Humans have a habit of playing with their food, which is evident from the steady increase in food additives in packaged produce we have witnessed in the past half-century. Food scientists chuck in these extra ingredients for a variety of reasons, such as to improve texture and flavor, or to make a product last longer or look more appealing. Perfectly whipped ice-creams and velvety smooth chocolate bars are both possible thanks to emulsifiers, for example, which are substances that help different things mix together when they ordinarily wouldn’t.

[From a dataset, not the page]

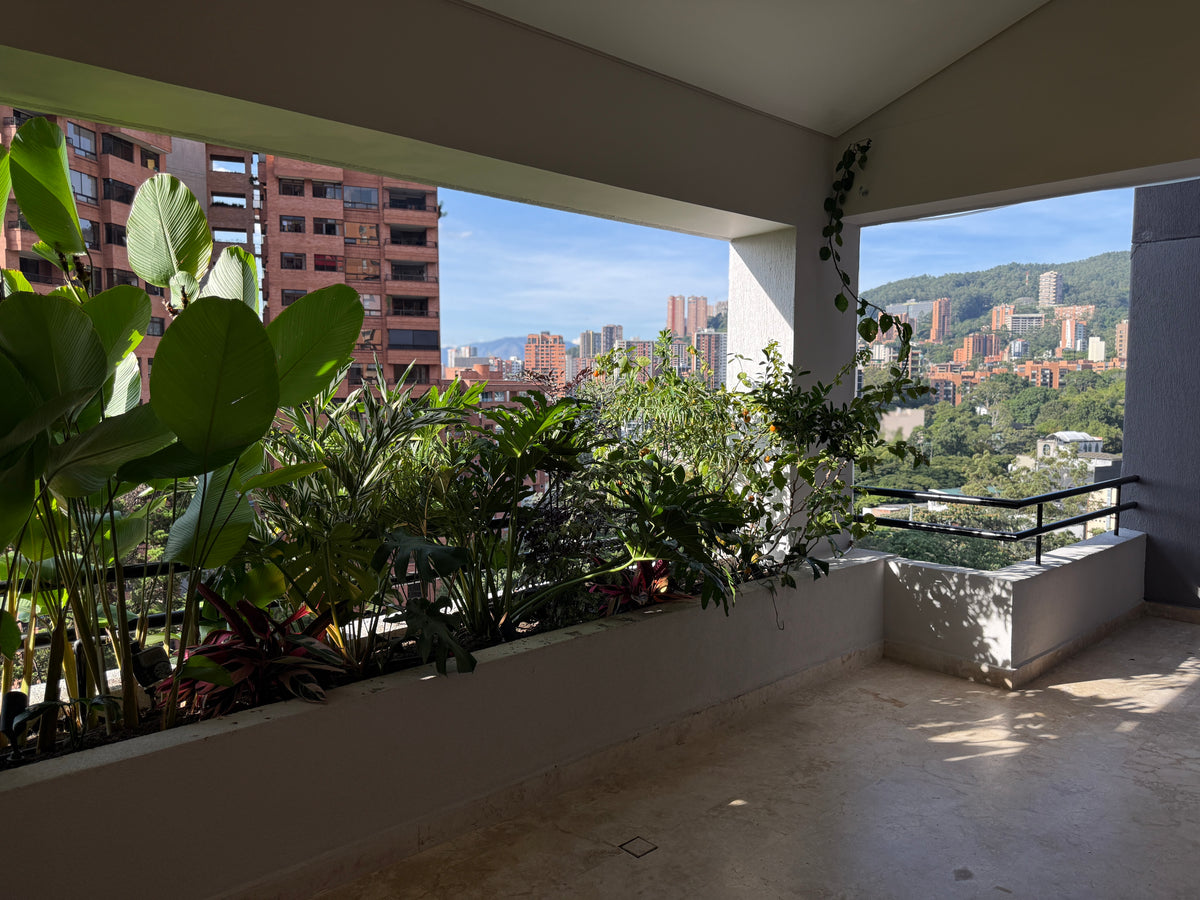Penthouse Dúplex remodelado en Sector Tranquilo de Provenza con vista panorámica y jacuzzi 3 BR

Although studies have indicated that emulsifiers are safe, new research suggests that these tests may have been inadequate with the discovery that they can alter the delicate composition of microbes in the gut. Not only that, but these additives were found to trigger intestinal inflammation in rodents and increase the risk of inflammatory bowel disease and a cluster of obesity-related conditions collectively known as metabolic syndrome. Although the researchers have yet to prove whether the same thing is happening in humans, they propose that these ingredients may have contributed to the observed increase in these diseases since the mid-20th century. The study has been published in Nature.
The intestinal tract is home to a diverse and vast collection of microbes known as the gut microbiota. Far from being unwelcome guests, these bugs bestow a variety of benefits to the host, such as assisting in the production of hormones and vitamins. While we need these microbes to stay healthy, we don’t want them to get too close to our delicate intestinal lining. That’s because they can arouse the immune system and trigger inflammation, and if this inflammation isn’t controlled, it can lead to things like inflammatory bowel disease and maybe even metabolic syndrome—a group of conditions that raise the risk of heart disease and diabetes.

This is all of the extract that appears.